Alongside piano exercises, the Étude, designed to provide practice material for perfecting a particular aspect of technique, emerged in the nineteenth century with the growing popularity of the piano. Fryderyk Chopin elevated the student study into a work of great artistry and poetry, turning humble exercises into glittering concert pieces, and his Opp.10 and 25 Études remain amongst the most popular works written for piano, regularly performed in concert and on disc. Each Étude tests a particular aspect of technique, such as arpeggios, octaves, left hand melody, but these glorious works never feel like exercises. They reveal Chopin’s profound understanding of the mechanics of the pianist’s hand and fingers, and although very difficult, they are some of the most satisfying piano music to play.
Franz Liszt built on Chopin’s model in his Transcendental Études, Concert Études, and Paganini Études. But rather than concentrate on specific aspects of technique, these Études offer challenges within the context of performance at the highest technical level: i.e. one must already possess the requisite technique in order to play them successfully, and their difficulty reflects Liszt’s own prowess at the piano.
Debussy also wrote piano Études, describing them as “a warning to pianists not to take up the musical profession unless they have remarkable hands“. They are extremely difficult, each showcasing a different set of finger gymnastics, from a seemingly simple 5-finger exercise in No. 1 to playing in thirds (No. 2) or cascading arpeggios in No. 11. Humorous and witty, they are, like the Études of Chopin and Liszt, not limited simply to pedagogical concerns and are tremendous concert works in their own right.

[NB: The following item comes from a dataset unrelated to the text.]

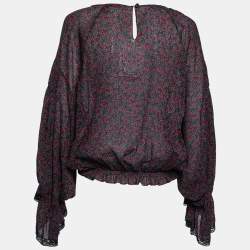 Pre Owned Chloe Black Printed Crinkled Cotton Lace Trim Detailed Top M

Exercises and studies serve a number of purposes to the pianist, whether you are a fan of exercises like Hanon or Czerny, swear by scales and arpeggios or prefer to create your own exercises based on the repertoire you are working on:
- To warm up the fingers, hands and body
- To practice and improve technical facility
- To help understand the ‘mechanics’ of the music
- To approach problem areas in repertoire
Warming up need not be done at the piano and a set of simple exercises drawn from yoga done standing up is helpful in warming up hands and arms, opening the chest and relaxing the neck and shoulders. Doing the sequence away from the piano is also useful in allowing the mind to focus on that session’s practising.
Any technical exercise can be harmful if badly understood and/or mis-taught by the teacher and poorly executed by the student; exercises should therefore always be done with care and attention. Mechanical repetitions are not useful – there are anecdotes of pianists practising technical exercises while reading a book or newspaper as an antidote to the monotony – and we should always fully engage with the activity, remaining aware of sensations in fingers, hands, arms and body, and listening to the sound we are producting.
Always practice exercises, including scales and arpeggios, musically as this makes the process more enjoyable and artistically useful, and continually reflect and self-critique, just as one would when practising repertoire. This kind of deliberate, thoughtful practice should yield noticeable positive results in a short amount of time.